## WHAT YOU WILL DO
Copy word for word each line from the one that has "Elisabetta Franchi Maglia" to the last line of the records, with no other lines.

## EXTRACTED RECORDS
┏━━
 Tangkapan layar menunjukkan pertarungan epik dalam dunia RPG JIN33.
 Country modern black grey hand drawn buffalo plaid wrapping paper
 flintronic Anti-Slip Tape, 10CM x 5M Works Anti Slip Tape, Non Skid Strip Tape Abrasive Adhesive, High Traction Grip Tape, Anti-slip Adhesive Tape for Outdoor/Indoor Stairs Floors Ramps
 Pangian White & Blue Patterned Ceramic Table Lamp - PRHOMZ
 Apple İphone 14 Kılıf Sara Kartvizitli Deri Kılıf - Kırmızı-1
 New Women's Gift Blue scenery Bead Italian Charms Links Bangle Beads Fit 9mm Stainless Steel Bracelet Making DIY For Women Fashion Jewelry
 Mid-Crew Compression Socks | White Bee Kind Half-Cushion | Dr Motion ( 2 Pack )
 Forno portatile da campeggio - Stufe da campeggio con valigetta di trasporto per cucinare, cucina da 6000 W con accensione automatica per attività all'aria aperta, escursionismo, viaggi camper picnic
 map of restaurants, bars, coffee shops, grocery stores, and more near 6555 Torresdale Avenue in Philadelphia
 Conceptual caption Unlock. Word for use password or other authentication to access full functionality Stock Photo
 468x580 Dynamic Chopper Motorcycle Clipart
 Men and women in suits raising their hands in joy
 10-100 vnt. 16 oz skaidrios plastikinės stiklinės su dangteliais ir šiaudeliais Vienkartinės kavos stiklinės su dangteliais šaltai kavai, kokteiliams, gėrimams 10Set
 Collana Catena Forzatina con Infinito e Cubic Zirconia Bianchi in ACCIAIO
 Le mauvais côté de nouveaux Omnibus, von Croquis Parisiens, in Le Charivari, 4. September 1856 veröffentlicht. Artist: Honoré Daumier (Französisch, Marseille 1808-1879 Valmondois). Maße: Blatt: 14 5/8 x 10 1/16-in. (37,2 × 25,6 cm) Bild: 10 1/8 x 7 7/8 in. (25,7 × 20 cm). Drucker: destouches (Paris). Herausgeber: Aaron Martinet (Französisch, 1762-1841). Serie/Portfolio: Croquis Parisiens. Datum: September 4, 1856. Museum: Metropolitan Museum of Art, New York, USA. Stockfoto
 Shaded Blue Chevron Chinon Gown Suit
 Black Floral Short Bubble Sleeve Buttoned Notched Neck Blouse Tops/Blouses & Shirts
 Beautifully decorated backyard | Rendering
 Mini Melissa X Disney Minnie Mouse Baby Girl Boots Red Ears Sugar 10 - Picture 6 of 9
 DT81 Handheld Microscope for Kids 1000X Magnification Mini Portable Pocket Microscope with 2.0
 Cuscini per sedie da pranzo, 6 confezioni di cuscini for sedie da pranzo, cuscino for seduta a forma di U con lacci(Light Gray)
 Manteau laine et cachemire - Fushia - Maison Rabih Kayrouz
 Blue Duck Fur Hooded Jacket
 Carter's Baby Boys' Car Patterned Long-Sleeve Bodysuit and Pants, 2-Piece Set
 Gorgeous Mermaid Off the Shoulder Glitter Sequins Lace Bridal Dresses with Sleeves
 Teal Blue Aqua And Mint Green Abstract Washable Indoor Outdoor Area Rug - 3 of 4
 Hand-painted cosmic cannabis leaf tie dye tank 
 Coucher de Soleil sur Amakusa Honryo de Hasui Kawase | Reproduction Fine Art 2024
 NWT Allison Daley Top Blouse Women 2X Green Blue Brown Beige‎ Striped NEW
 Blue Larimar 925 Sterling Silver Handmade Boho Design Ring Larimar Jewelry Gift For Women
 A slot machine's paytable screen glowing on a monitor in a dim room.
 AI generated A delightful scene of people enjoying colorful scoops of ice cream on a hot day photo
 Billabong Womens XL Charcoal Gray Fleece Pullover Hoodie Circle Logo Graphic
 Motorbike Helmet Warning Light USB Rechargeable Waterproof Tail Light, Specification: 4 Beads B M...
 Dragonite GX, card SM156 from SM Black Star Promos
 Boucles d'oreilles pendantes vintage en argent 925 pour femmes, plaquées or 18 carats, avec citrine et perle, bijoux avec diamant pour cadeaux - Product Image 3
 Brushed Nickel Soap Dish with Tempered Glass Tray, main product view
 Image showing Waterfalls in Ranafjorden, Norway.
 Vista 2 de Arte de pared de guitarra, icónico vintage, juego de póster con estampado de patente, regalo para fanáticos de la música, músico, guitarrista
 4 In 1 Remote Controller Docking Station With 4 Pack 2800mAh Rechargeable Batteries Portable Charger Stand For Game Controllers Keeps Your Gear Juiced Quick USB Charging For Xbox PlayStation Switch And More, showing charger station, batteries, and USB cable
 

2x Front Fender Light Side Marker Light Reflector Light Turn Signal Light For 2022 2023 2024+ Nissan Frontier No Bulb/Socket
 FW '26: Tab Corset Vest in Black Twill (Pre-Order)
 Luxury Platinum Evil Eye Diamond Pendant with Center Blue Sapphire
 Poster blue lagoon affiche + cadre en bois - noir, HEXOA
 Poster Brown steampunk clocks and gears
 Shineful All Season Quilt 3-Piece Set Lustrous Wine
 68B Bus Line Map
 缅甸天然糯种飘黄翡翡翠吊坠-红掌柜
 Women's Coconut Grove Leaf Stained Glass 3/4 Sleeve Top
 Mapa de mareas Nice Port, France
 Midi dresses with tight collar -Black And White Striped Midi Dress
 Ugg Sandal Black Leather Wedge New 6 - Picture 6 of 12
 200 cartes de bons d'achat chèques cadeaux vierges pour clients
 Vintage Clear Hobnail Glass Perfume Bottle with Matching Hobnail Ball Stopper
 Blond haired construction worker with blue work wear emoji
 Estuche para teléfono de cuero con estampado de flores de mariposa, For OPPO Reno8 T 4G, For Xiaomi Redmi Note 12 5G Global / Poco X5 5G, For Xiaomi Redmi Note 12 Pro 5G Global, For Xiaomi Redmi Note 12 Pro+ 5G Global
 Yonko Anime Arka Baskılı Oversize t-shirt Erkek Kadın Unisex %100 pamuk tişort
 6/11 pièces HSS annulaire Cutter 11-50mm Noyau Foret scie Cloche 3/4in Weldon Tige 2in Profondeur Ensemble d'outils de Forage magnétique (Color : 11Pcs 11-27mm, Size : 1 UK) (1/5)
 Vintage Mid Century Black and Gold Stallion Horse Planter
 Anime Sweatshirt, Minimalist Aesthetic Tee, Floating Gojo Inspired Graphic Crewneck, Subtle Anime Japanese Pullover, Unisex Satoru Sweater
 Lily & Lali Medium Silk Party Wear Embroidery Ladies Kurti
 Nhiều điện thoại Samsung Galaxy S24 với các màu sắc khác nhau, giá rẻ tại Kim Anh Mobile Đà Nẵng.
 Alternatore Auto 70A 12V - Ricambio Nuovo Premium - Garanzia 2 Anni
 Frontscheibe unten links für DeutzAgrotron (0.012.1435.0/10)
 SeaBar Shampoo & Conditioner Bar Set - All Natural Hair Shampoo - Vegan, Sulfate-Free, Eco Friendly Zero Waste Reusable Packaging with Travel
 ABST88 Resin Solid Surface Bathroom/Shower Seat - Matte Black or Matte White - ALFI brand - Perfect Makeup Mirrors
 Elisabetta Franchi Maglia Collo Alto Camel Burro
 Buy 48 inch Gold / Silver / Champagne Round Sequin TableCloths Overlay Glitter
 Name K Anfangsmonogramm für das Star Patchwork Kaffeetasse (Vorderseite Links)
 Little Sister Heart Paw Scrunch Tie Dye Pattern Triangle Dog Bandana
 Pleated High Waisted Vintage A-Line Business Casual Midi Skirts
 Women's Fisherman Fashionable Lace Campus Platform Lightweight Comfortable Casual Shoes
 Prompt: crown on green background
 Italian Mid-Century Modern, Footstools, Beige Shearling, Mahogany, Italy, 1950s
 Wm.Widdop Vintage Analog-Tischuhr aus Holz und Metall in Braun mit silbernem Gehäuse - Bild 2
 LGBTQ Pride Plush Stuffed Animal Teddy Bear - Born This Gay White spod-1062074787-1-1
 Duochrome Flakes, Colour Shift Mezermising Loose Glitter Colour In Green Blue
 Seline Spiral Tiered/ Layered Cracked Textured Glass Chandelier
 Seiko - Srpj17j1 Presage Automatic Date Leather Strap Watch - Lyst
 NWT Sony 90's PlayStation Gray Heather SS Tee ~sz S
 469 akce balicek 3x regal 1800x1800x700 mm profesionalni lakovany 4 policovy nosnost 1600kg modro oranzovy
┗━━
## EXERCISE OUTPUT
 Elisabetta Franchi Maglia Collo Alto Camel Burro
 Buy 48 inch Gold / Silver / Champagne Round Sequin TableCloths Overlay Glitter
 Name K Anfangsmonogramm für das Star Patchwork Kaffeetasse (Vorderseite Links)
 Little Sister Heart Paw Scrunch Tie Dye Pattern Triangle Dog Bandana
 Pleated High Waisted Vintage A-Line Business Casual Midi Skirts
 Women's Fisherman Fashionable Lace Campus Platform Lightweight Comfortable Casual Shoes
 Prompt: crown on green background
 Italian Mid-Century Modern, Footstools, Beige Shearling, Mahogany, Italy, 1950s
 Wm.Widdop Vintage Analog-Tischuhr aus Holz und Metall in Braun mit silbernem Gehäuse - Bild 2
 LGBTQ Pride Plush Stuffed Animal Teddy Bear - Born This Gay White spod-1062074787-1-1
 Duochrome Flakes, Colour Shift Mezermising Loose Glitter Colour In Green Blue
 Seline Spiral Tiered/ Layered Cracked Textured Glass Chandelier
 Seiko - Srpj17j1 Presage Automatic Date Leather Strap Watch - Lyst
 NWT Sony 90's PlayStation Gray Heather SS Tee ~sz S
 469 akce balicek 3x regal 1800x1800x700 mm profesionalni lakovany 4 policovy nosnost 1600kg modro oranzovy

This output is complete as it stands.